_Instructions to follow:_ What you return should be the complete data below, word for word, with no pictures in it.

_Dataset excerpt:_
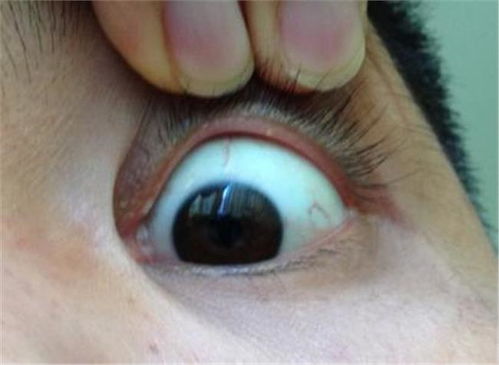 眼睑上长小颗粒为什么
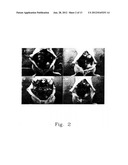 PHARMACEUTICAL COMPOSITION FOR INHIBITING PERITONEAL DISSEMINATION diagram and image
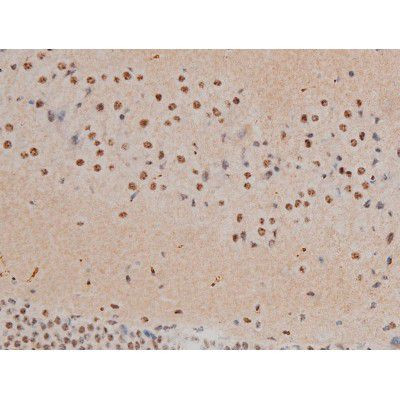 Phospho-JunD (Ser255) Antibody in Immunohistochemistry (Paraffin) (IHC (P))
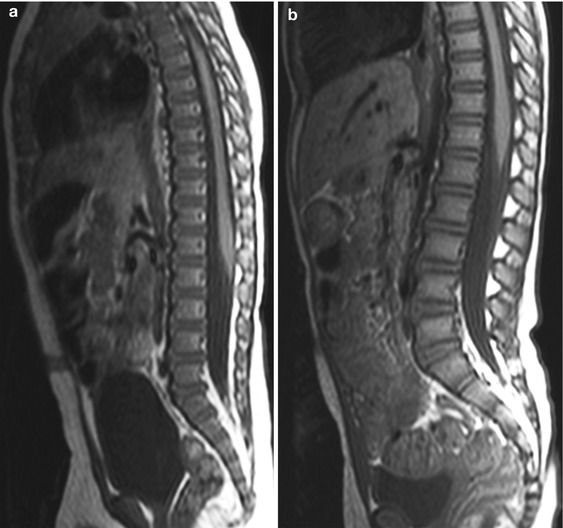 bone marrow degenerative changes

_Task answer:_
 眼睑上长小颗粒为什么
 PHARMACEUTICAL COMPOSITION FOR INHIBITING PERITONEAL DISSEMINATION diagram and image
 Phospho-JunD (Ser255) Antibody in Immunohistochemistry (Paraffin) (IHC (P))
 bone marrow degenerative changes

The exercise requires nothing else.